Fiz um passeio com o olhar pelo ambiente. Constatei com tristeza o protagonismo do celular. Por incrível que pareça, em todas as demais mesas, havia celulares estacionados ou em plena atividade. Quanta gente com as “armas” na mesa, prontas a agredir a sua companhia ao ausentar-se com as longas espiadas na tela. Especialmente nas mesas de casais, onde na maioria das vezes, a retaliação do outro é fazer o mesmo: ambos aderidos ao celular como película de vidro. Corpos presentes, almas ausentes...

Aí me veio uma digressão: será que o celular funciona como uma fuga das diferenças? Talvez o que nos atraia tanto nele seja a homogeneidade dos

grupos, das opiniões, dos interesses semelhantes. Ali o comando é nosso: se surge uma divergência podemos sair do grupo, bloquear o contato ou ignorar. Só visitamos os sites que nos interessam, só vemos as notícias que queremos, só falamos com quem pensa como nós, só ouvimos o que nos agrada. E sempre protegidos pela distância, sem ter que enfrentar o olhar do outro. É o império da vontade própria, a prevalência do nosso jeito de ser.
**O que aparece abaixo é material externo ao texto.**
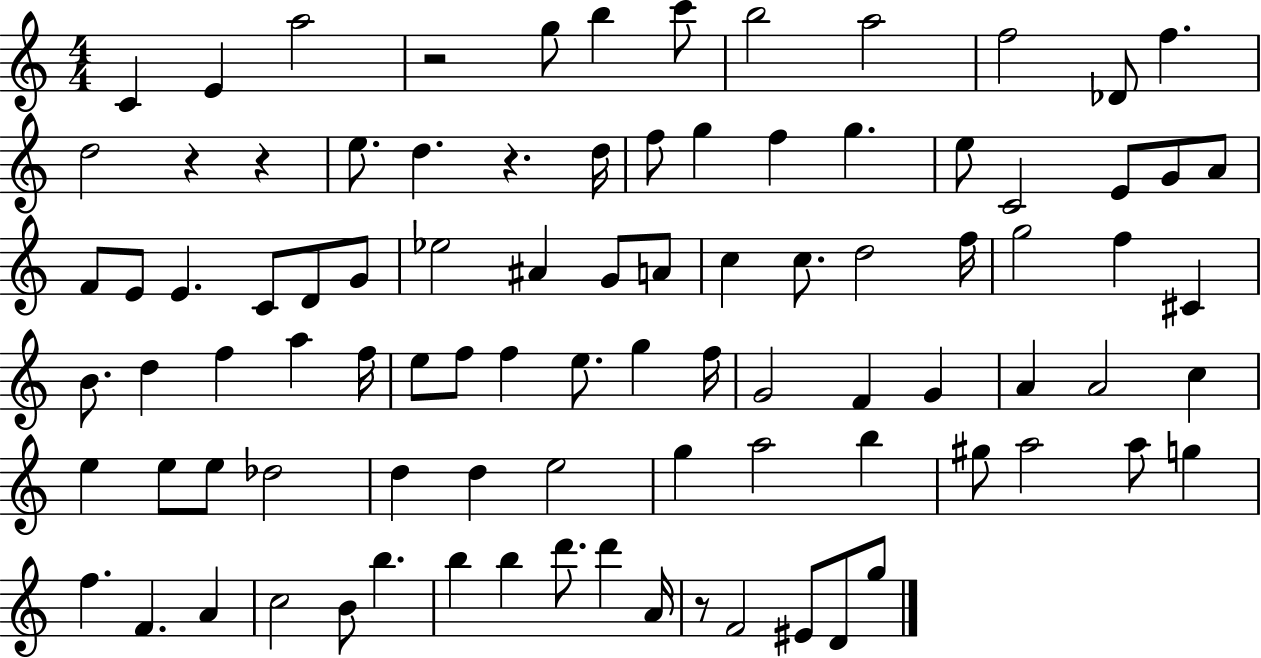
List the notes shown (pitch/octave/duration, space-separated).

C4/q E4/q A5/h R/h G5/e B5/q C6/e B5/h A5/h F5/h Db4/e F5/q. D5/h R/q R/q E5/e. D5/q. R/q. D5/s F5/e G5/q F5/q G5/q. E5/e C4/h E4/e G4/e A4/e F4/e E4/e E4/q. C4/e D4/e G4/e Eb5/h A#4/q G4/e A4/e C5/q C5/e. D5/h F5/s G5/h F5/q C#4/q B4/e. D5/q F5/q A5/q F5/s E5/e F5/e F5/q E5/e. G5/q F5/s G4/h F4/q G4/q A4/q A4/h C5/q E5/q E5/e E5/e Db5/h D5/q D5/q E5/h G5/q A5/h B5/q G#5/e A5/h A5/e G5/q F5/q. F4/q. A4/q C5/h B4/e B5/q. B5/q B5/q D6/e. D6/q A4/s R/e F4/h EIS4/e D4/e G5/e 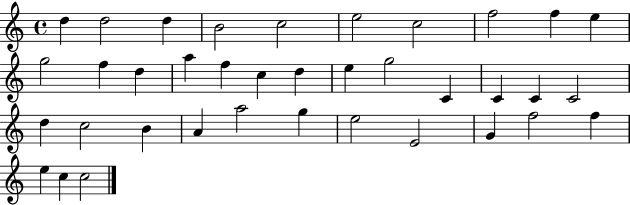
X:1
T:Untitled
M:4/4
L:1/4
K:C
d d2 d B2 c2 e2 c2 f2 f e g2 f d a f c d e g2 C C C C2 d c2 B A a2 g e2 E2 G f2 f e c c2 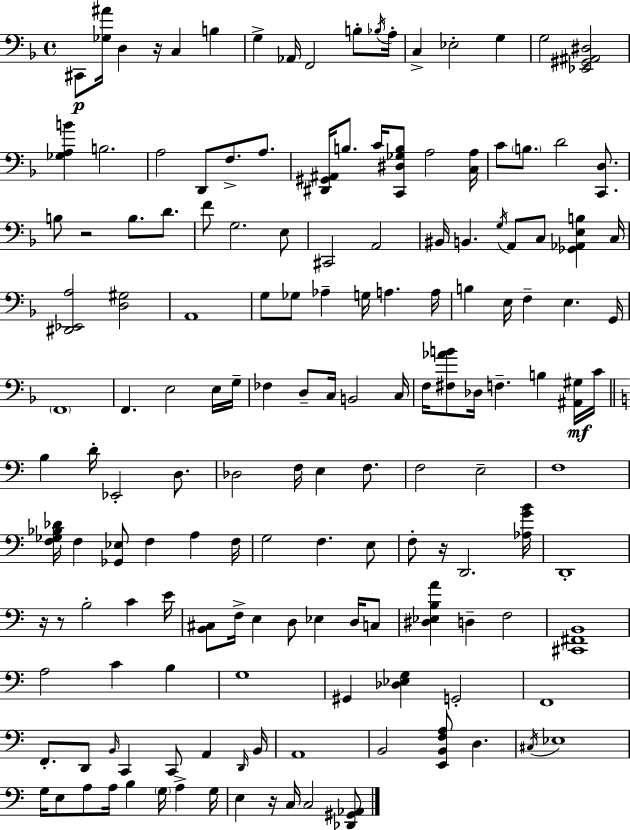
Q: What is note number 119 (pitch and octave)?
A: G3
O solitário troglodita que temos no peito encontra ali a sua caverna! Sem incômodos, sem interrupções, sem contrariedades, sem ter que ceder, sem diferenças...

Voltei à única mesa de casal do restaurante. Ele tirou do bolso um pequeno envelope e entregou a ela, que abriu e passou a ler o conteúdo. Não pude ver o rosto, mas ao terminar de ler, ela reagiu pegando as duas mãos dele e beijando carinhosamente. Depois escorregou a mão direita pela face esquerda dele, numa carícia suave, percorrendo da orelha até o queixo. Ele foi ao céu e voltou, sorrindo com os olhos.

Neste momento minha família chegou e precisei ir embora, ainda olhando para trás...

Para mim, aquilo que eu estava assistindo era, verdadeiramente, fazer amor em público!